Well, that's the story of the sinister doctor of the Orient. Next time you see him looking out at you with his inscrutable eyes you will know how he came to be there.

When this article was reprinted in The Rohmer Review, it was followed by "Comments by Cay Van Ash" and "Notes by the Editor."

Drawing: Mike Vosburg
Copyright © 1977 Mike Vosburg. 
All rights reserved
Comments by Cay Van Ash:

I suppose that "The Birth of Dr. Fu Manchu" is as nearly accurate as one could expect from Sax. In practice, as I understand it, the planchette was under the hands of Elizabeth, and the experiment was conducted on their own premises, no others being present at the time. Also, the studio in Clapham Old Town which he mentions was, of course, the place in Oakmead Road, properly belonging to his friend Dodgson, as described in Chapter 5 of Master of Villainy, and the goings-on there somewhat pre-dated the planchette episode.

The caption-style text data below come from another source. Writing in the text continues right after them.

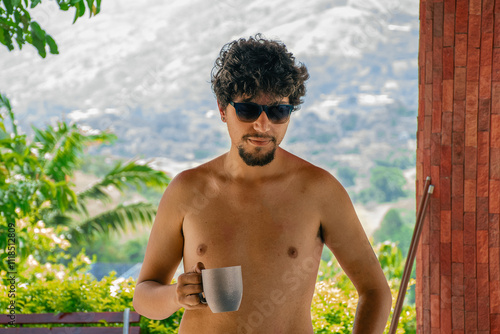 Young man drinking coffee photo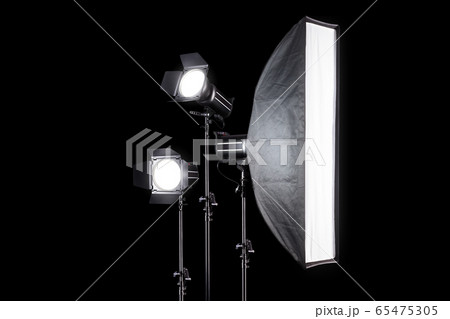 Photo studio lighting stands with flash and softbox isolated on the black. Photo studio lighting stands with flash and softbox isolated on the black. 65475305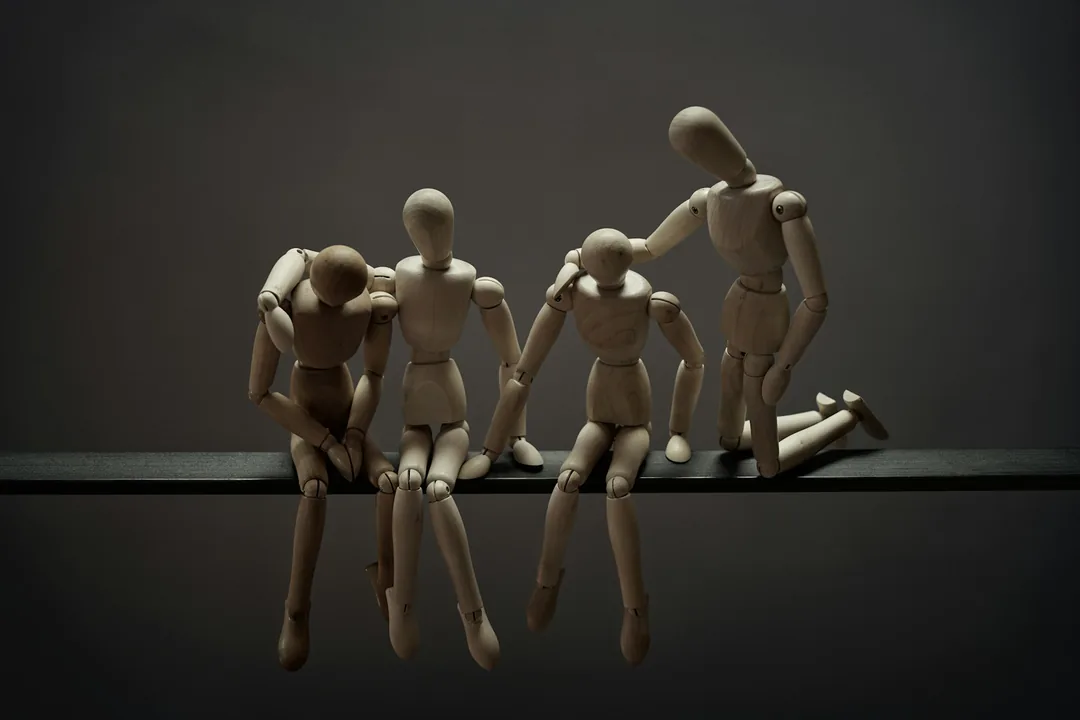 Cuatro maniquíes articulados de madera colocados sobre una tabla oscura, iluminados de forma lateral como en un plató de animación en volumen.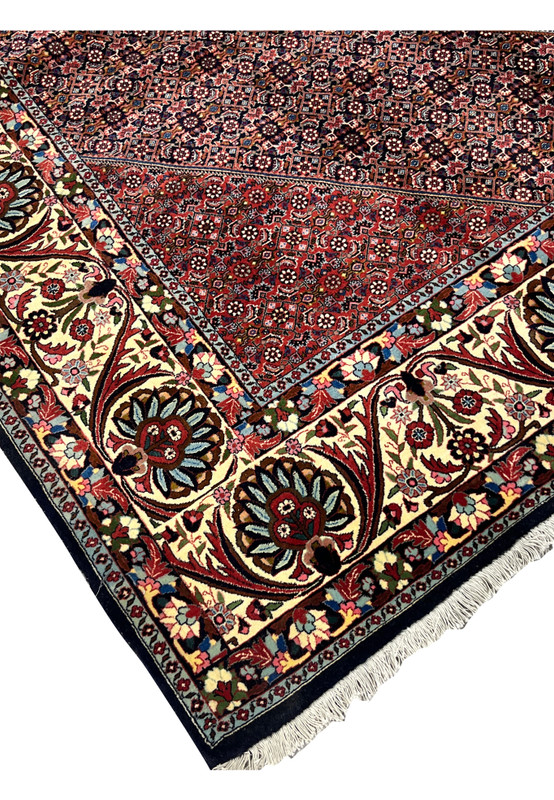 Edge detail showing the firm construction and tightly packed wool pile of a Persian Bijar iron rug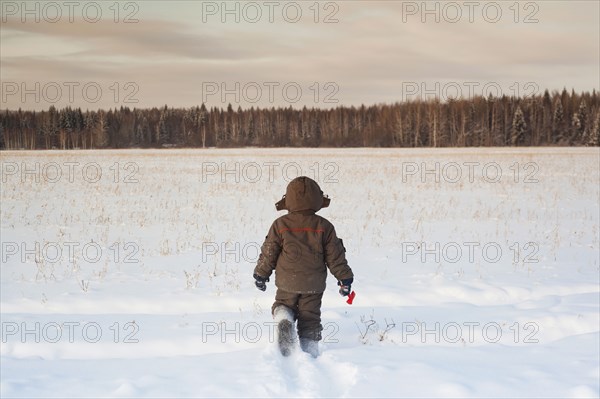 Mari boy walking in snowy field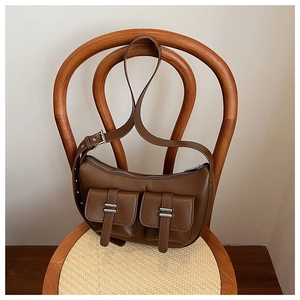 Detail view of brown semi-circle shoulder bag with dual metal buckle pockets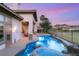 Sparkling pool with rock features, surrounded by lush landscaping and golf course views at 21 Avenida Sorrento, Henderson, NV 89011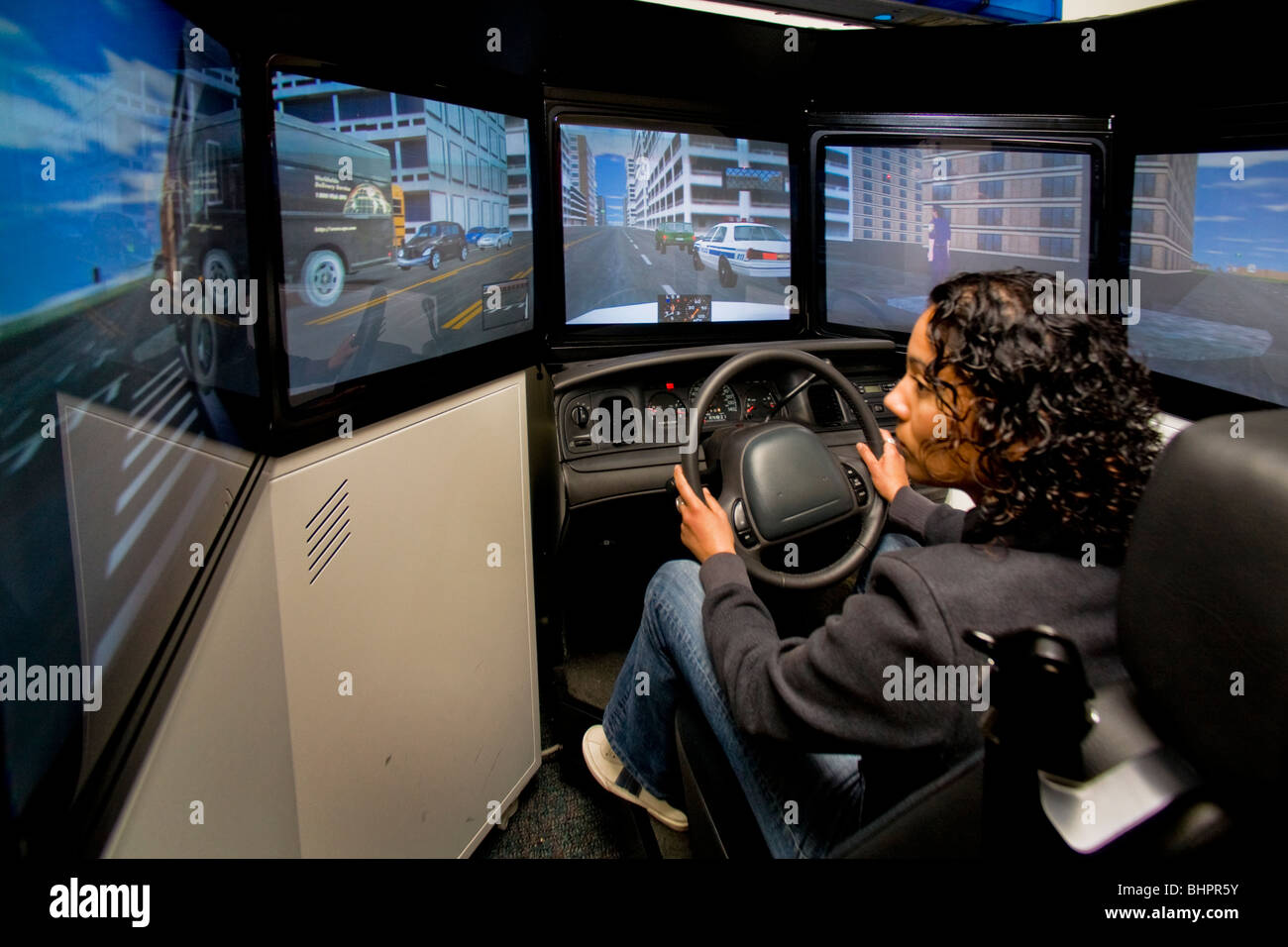 A woman police officer practices high speed driving skills in a patrol car simulator with a real steering wheel and seat. Stock Photo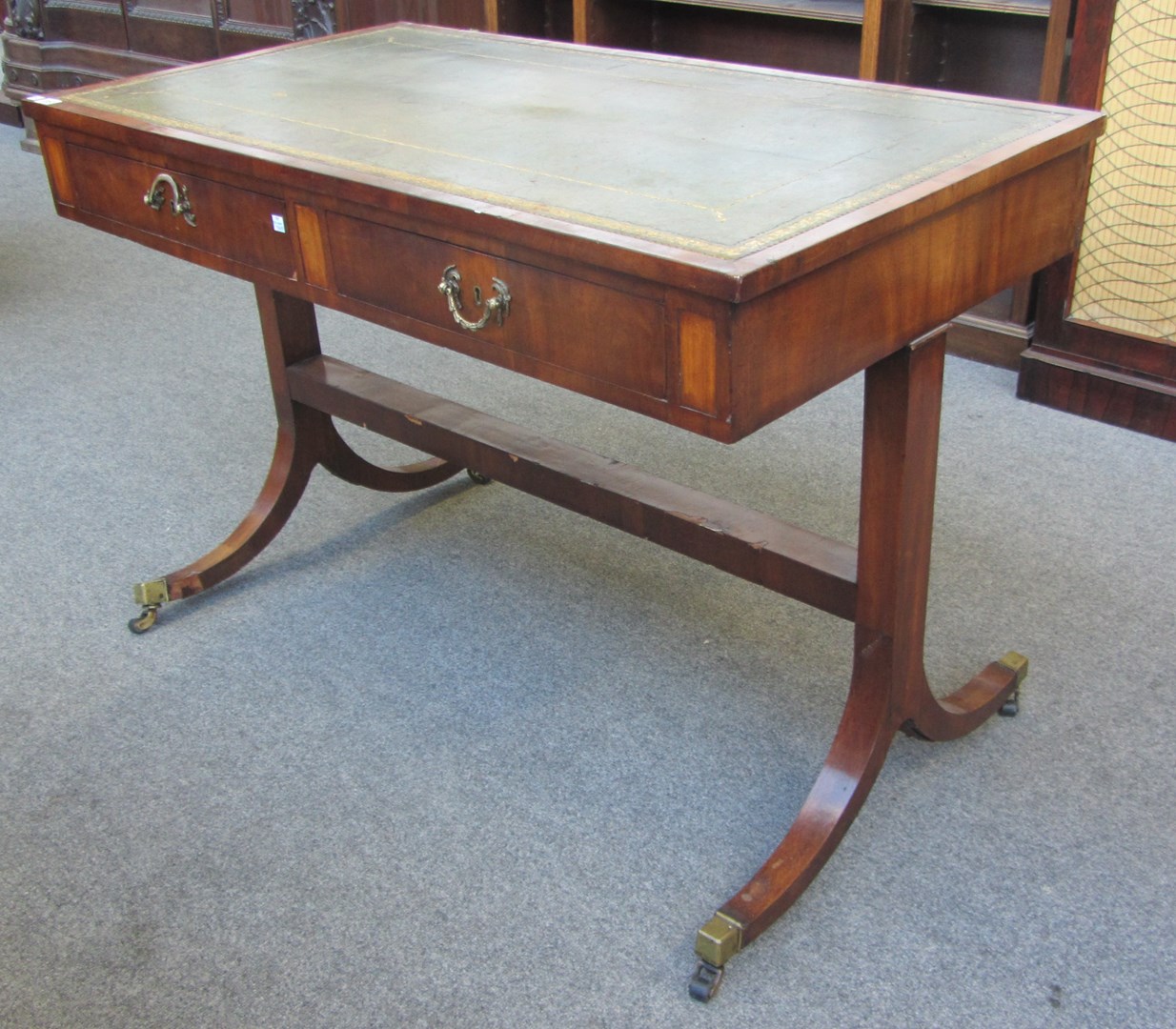 Appraisal: A th century mahogany two drawer writing table on trestle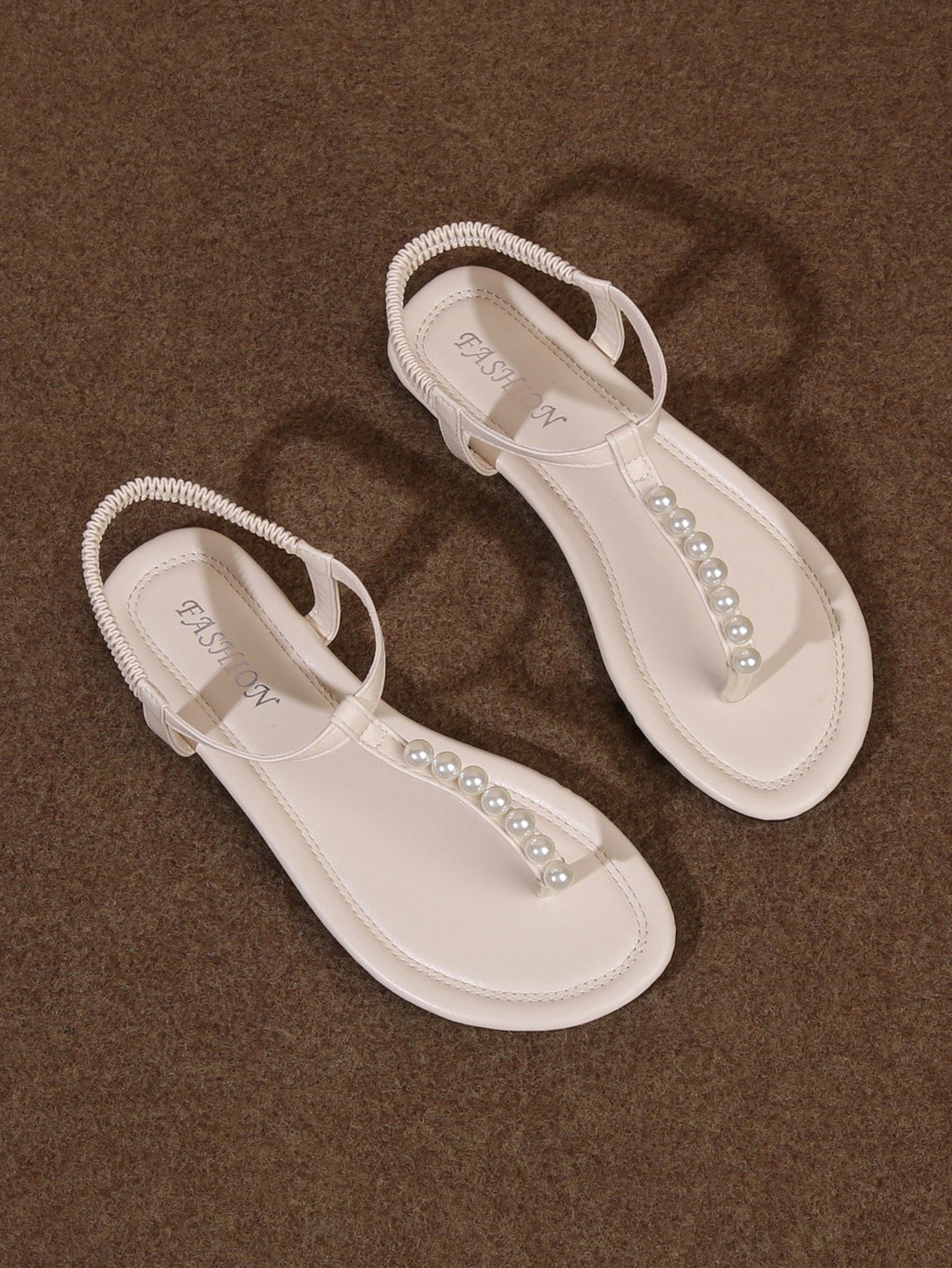 Women’s Roman style strap slide sandals with flat sole, buckle detail, and round toe, designed as casual slip-on beach and outdoor sandals.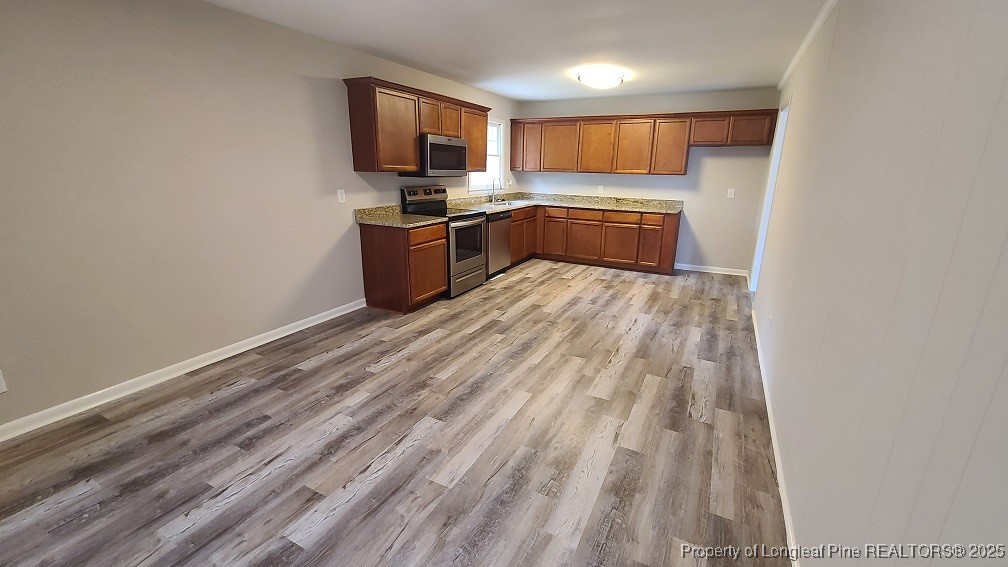 5326 Hampton Road Fayetteville, NC 28311 - Photo 5 of 17 a kitchen with granite countertop a sink cabinets and stainless steel appliances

For me, the photograph of Sax's hands proved of peculiar interest. Like any student of crime fiction, I had long realized in a theoretical kind of way that a person's hands are distinctive. But it was not until I saw that picture that it really came home to me. I thought at once, "Yes! Those are his hands!" and it honestly gave me quite a shock.

Drawing: Mike Vosburg
Copyright © 1977 Mike Vosburg. 
All rights reserved
Notes by the Editor

"The Birth of Dr. Fu Manchu" served as a sort of advertisement for The Trail of Fu Manchu, subsequently presented as a serial in the Daily Sketch. The serial was originally announced to begin on Monday, May 28, 1934. However, according to information supplied by W.O.G. Lofts, it was not actually published until a month later: 25 June to 6 July 1934, daily except Sunday, in eleven installments.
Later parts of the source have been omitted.